“It is not the strongest of the species that survives, nor the most intelligent, but rather the one most responsive to change.”
I just love it when I have the opportunity to get kids outdoors. During the last few weeks I have had an awesome time co-teaching a 5 week wilderness survival course for middle schoolers. It was especially rewarding because along with the survival course, the group read the book Hatchet by one of my favorite authors Gary Paulsen. The book Hatchet recounts the tale of Brian, the main character through his raw survival alone in the Canadian Wilderness after a small plane crash. It is a must read for all who appreciate the wilderness!
The focus of the class was to learn very basic survivor skills to use when things go bad in the outdoors. The kids put together a survivor kit and learned about topics such as: shelter, terrain, fire, signaling for help, finding direction, weather, observation, and basic first-aid.
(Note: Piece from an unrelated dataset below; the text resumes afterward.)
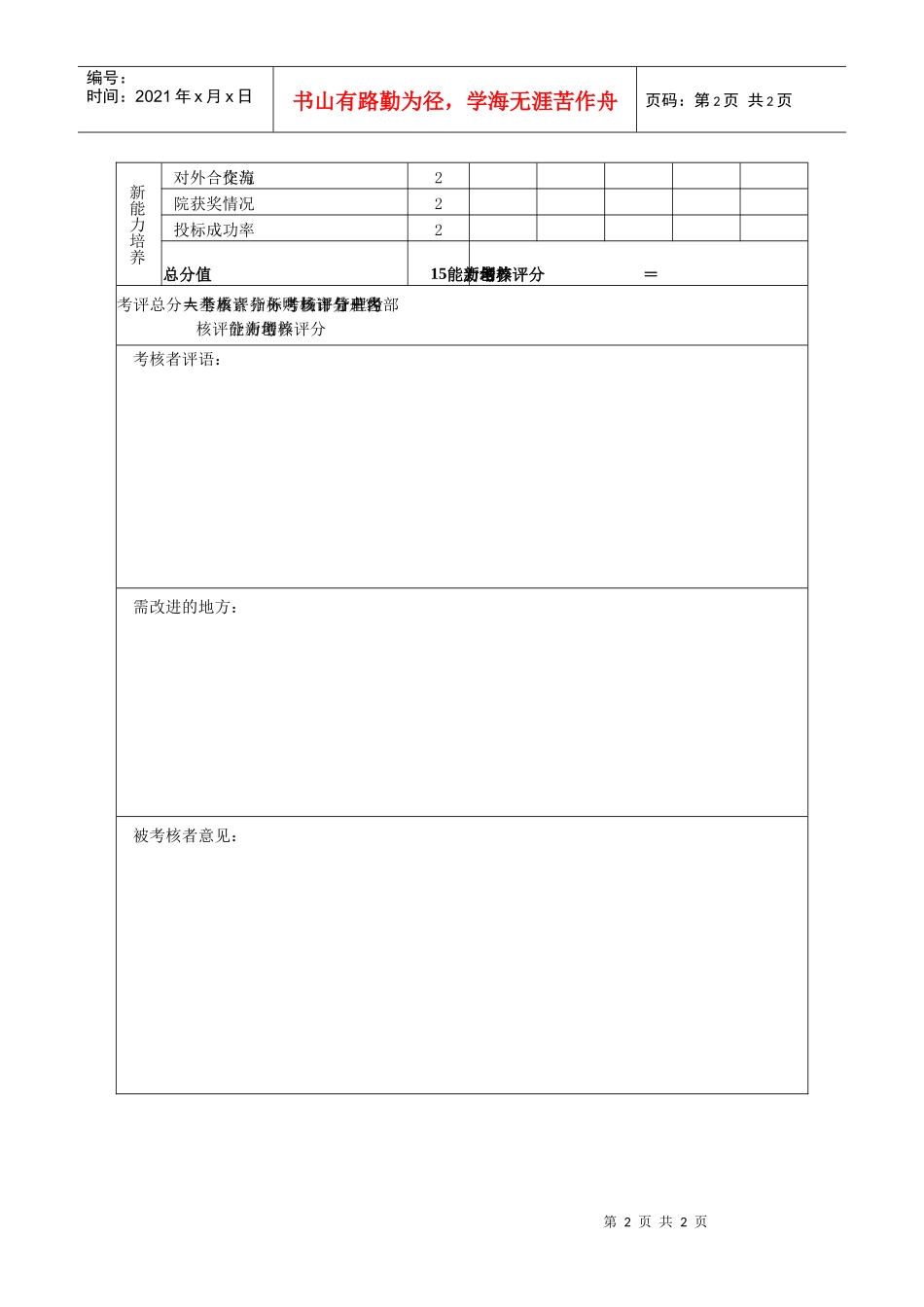 高层管理人员绩效考核表-党委书记_第2页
The main curriculum resources we used along with our own personal knowledge was the website Equipped to Survive and video series Survival Basics I & II: The Adventure featuring Ron Hood. Each week we introduced new skills with hands-on-activities.
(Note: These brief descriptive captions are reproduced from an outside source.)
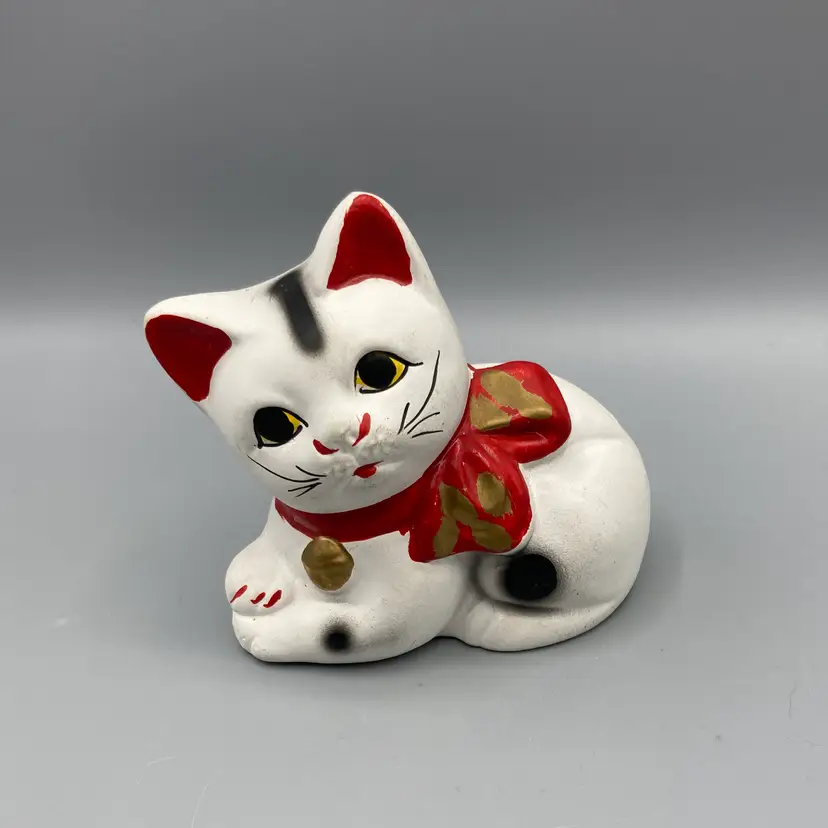 Vintage Maneki-neko Ceramic Cat with Red Ribbon Bank - Made in Japan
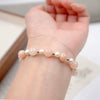 Women's Freshwater Pearl Bracelet With Heart And Geometric Design Manual Crafted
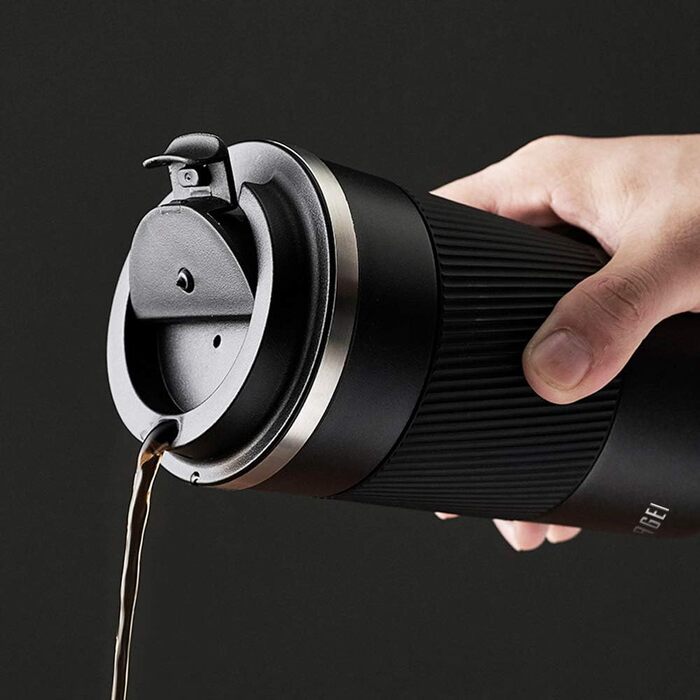 Термокружка HASAGEI з нержавіючої сталі 380 мл, чорна: термоізоляція, без витоку, для кави, чаю та води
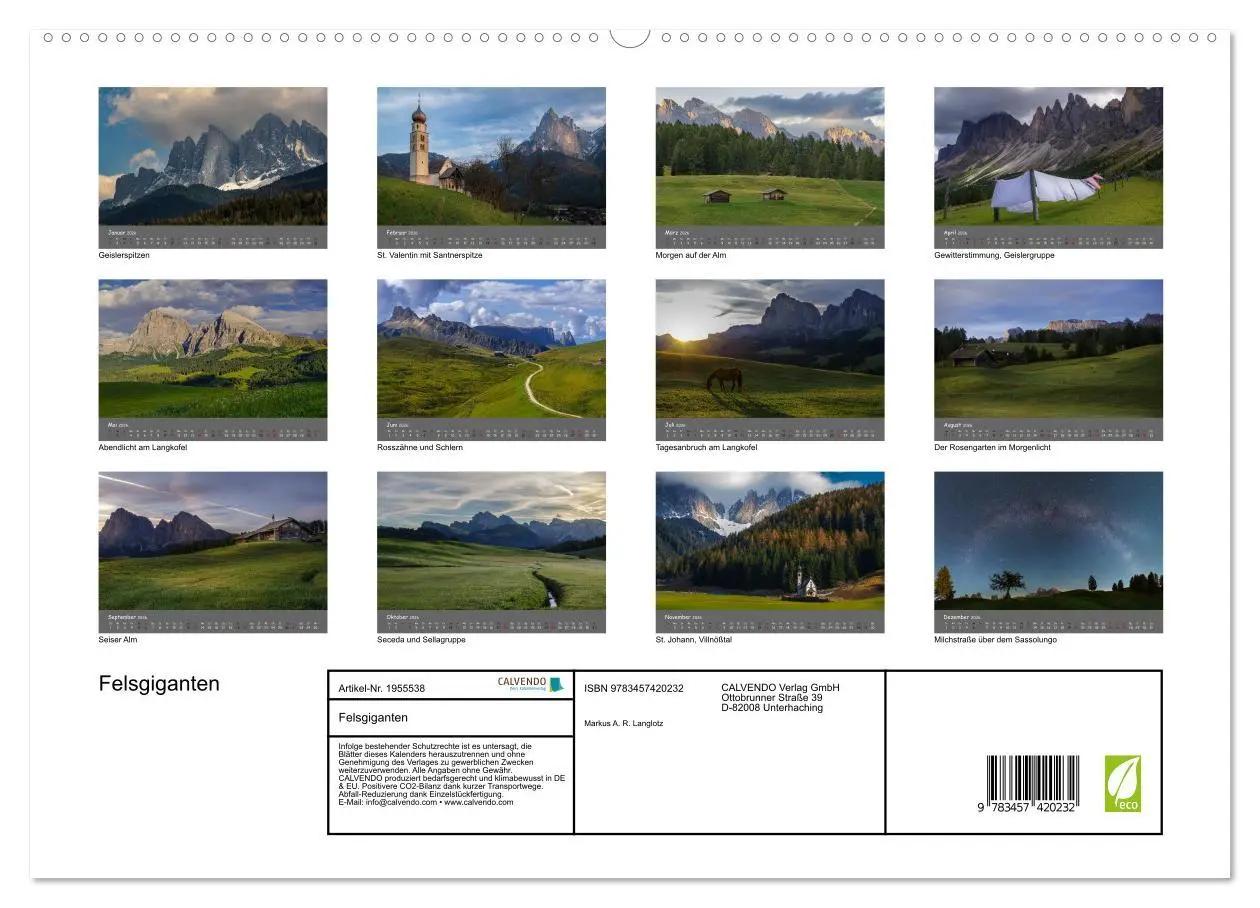 Bild: 9783457420232 | Felsgiganten (hochwertiger Premium Wandkalender 2026 DIN A2 quer),...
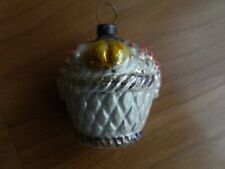 Vintage Blown Glass  BASKET OF FRUIT Christmas Ornament  2.25 IN TALL picture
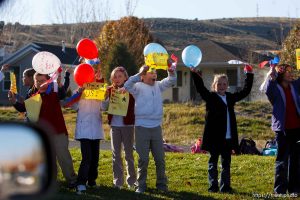 Trent Nelson  |  The Salt Lake Tribune SFC Mike Jones, Utah National Guard, was welcomed home to Eagle Mountain by family, friends and neighbors who lined the streets of Eagle Mountain Friday, November 12, 2010. On his fourth deployment, Jones was injured in Afghanistan in September.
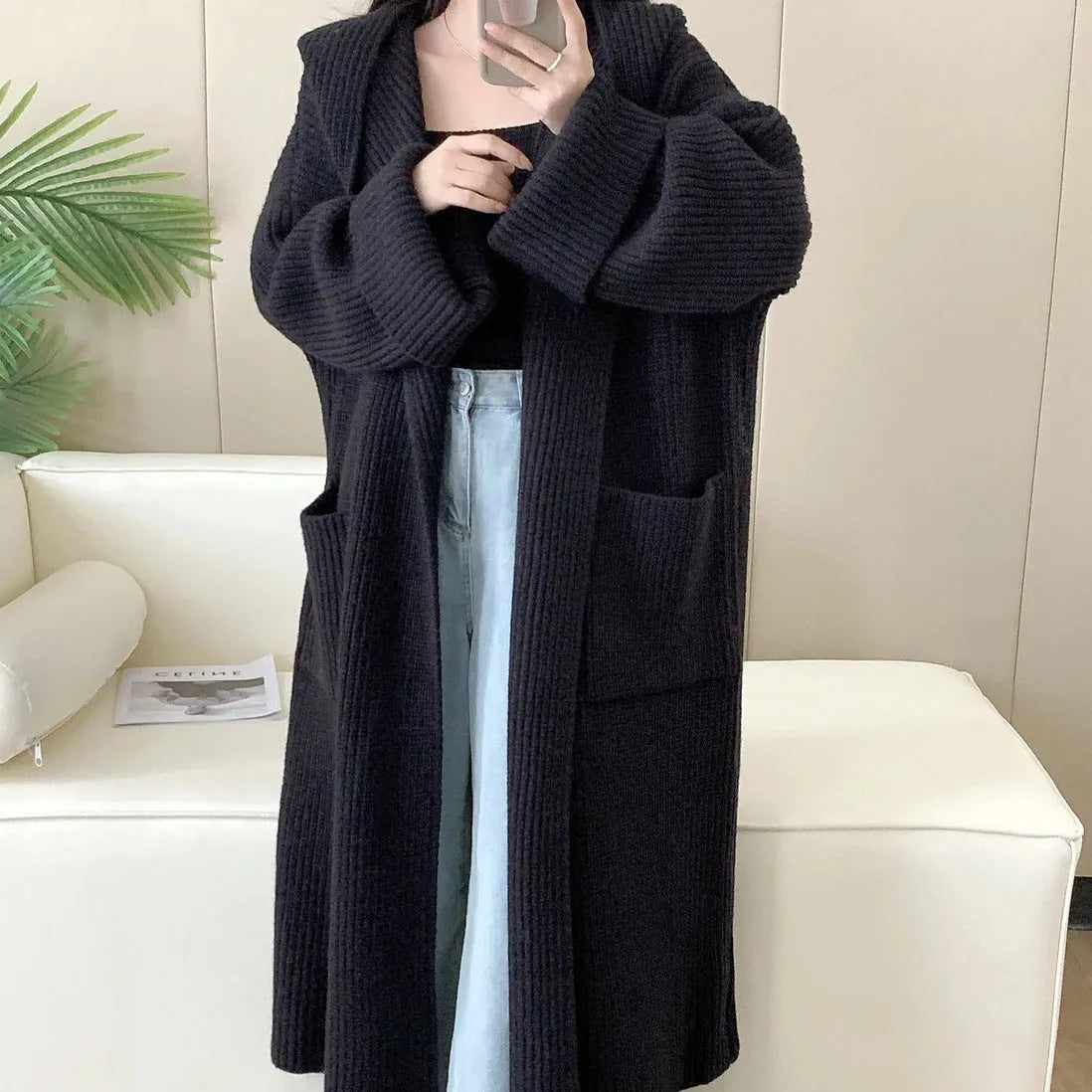 Women's loose hooded acrylic cardigan coat in beige colour with 80cm length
As a culmination on our last day together we met in a isolated canyon to put into practice what we had learned. The kids were divided into small groups and given a fictitious scenario to act out with the knowledge that help would come within a day. What was so cool is just as we were beginning the hike into the canyon a cold front and fog rolled in. Really! I was lovin’ it.
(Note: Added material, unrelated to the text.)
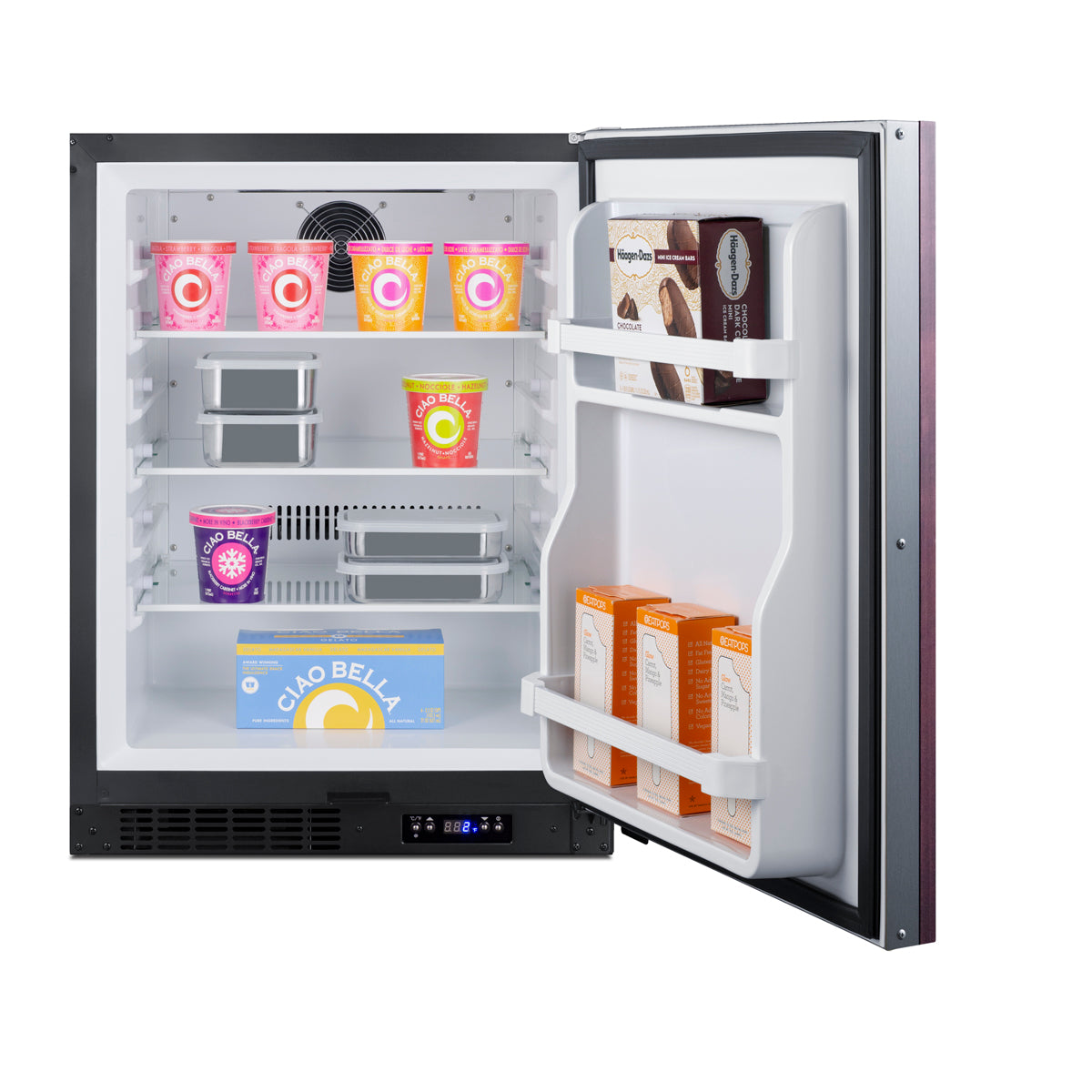 Opened built-in freezer with shelves holding colorful ice cream containers and boxed frozen treats inside kitchen appliances collection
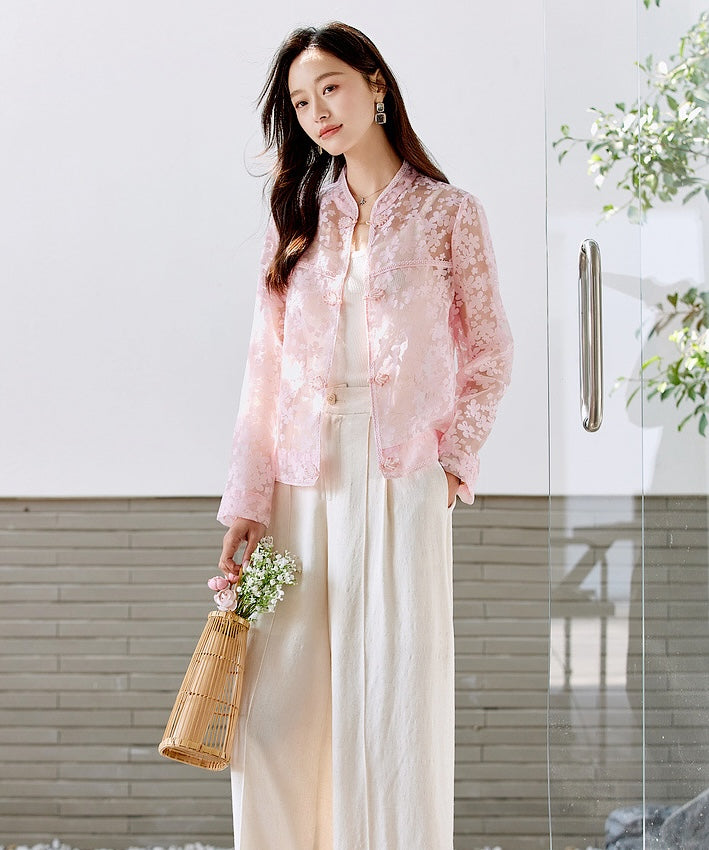 Mandarin Collar Organza Jacket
This is an example of one of the scenarios the kids worked out:
Late in the afternoon on blustery fall day you and your friends are hanging out and decide to go on a quick hike to scope out a great place to build a fort. After walking for an hour or so you notice the temperature dropping, fog is rolling in, and on top of that thunder can be heard in the distance. Most of your group is wanting to go back because it is getting dark and there is a storm moving in quickly. But in the process of turning around two buddies get tangled up and fall down a 10 foot drop off. One friend is bleeding severely from a cut on the forehead and has a twisted ankle and is starting to turn very white. The other friend’s leg appears crooked and his shoulder is hurting. As the rest of the group is rushing to help, you notice that the dense fog has made it impossible to know which direction to go home for help.
I was very proud and pleased that the groups worked together, pooled the resources they brought in their backpacks, along with the natural resources in the environment to administer first-aid, comfort, and finally to find shelter for protection to stay put and wait for help. It was a great day.